▶ Your task
Write the records out again exactly, leaving no images in.

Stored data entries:
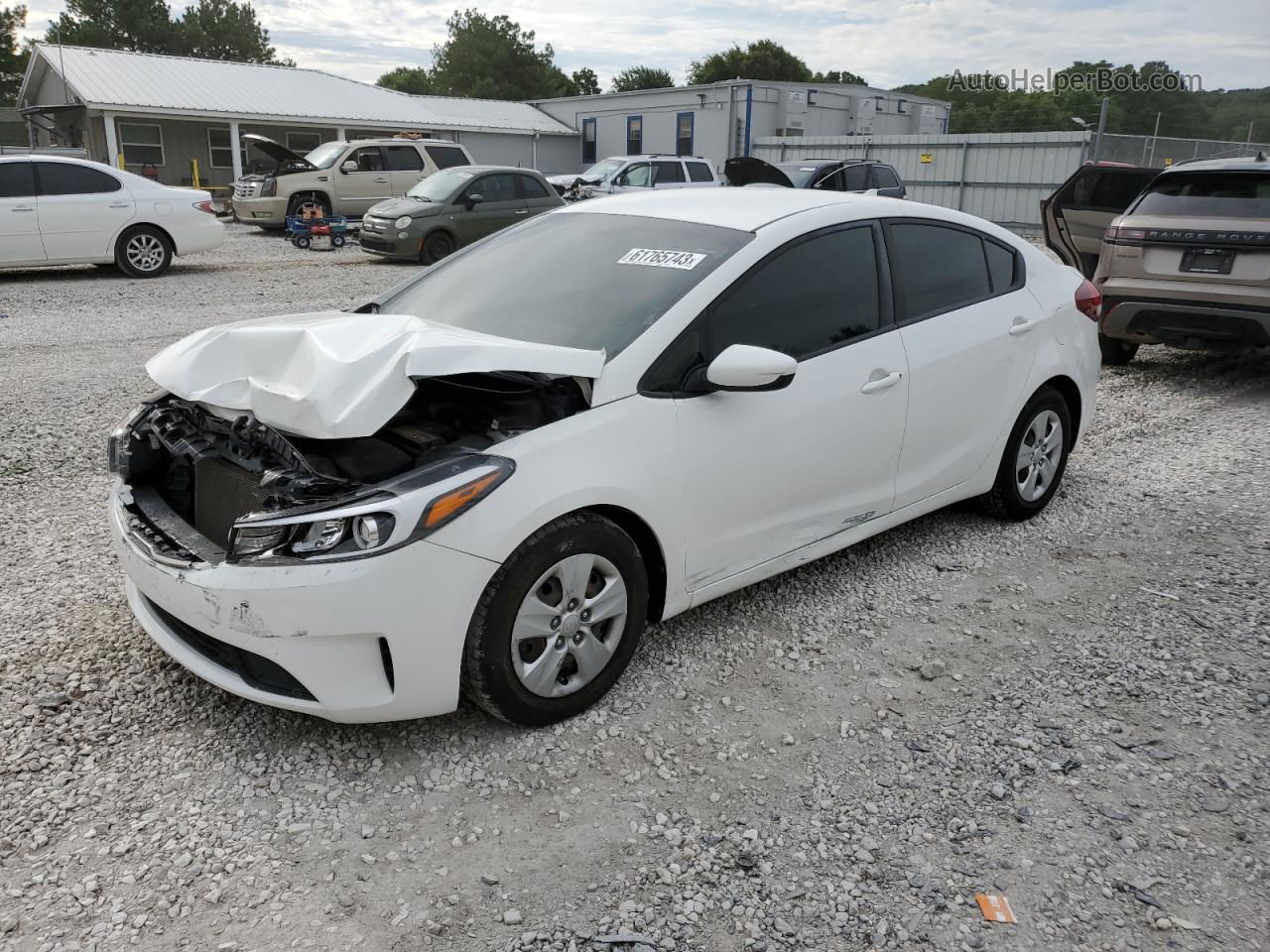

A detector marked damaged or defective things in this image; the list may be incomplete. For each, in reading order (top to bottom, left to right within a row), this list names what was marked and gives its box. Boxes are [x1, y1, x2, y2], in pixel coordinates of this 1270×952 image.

crumpled hood [370, 197, 444, 219]
damaged front end [109, 370, 583, 565]
crumpled hood [148, 313, 604, 438]
damaged front bumper [111, 484, 500, 721]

▶ Answer to the exercise
A detector marked damaged or defective things in this image; the list may be incomplete. For each, in reading order (top to bottom, left to right within a row), this list names what was marked and gives its box. Boxes are [x1, y1, x2, y2], in pixel coordinates of this 1270×952 image.

crumpled hood [370, 197, 444, 219]
damaged front end [109, 370, 583, 565]
crumpled hood [148, 313, 604, 438]
damaged front bumper [111, 484, 500, 721]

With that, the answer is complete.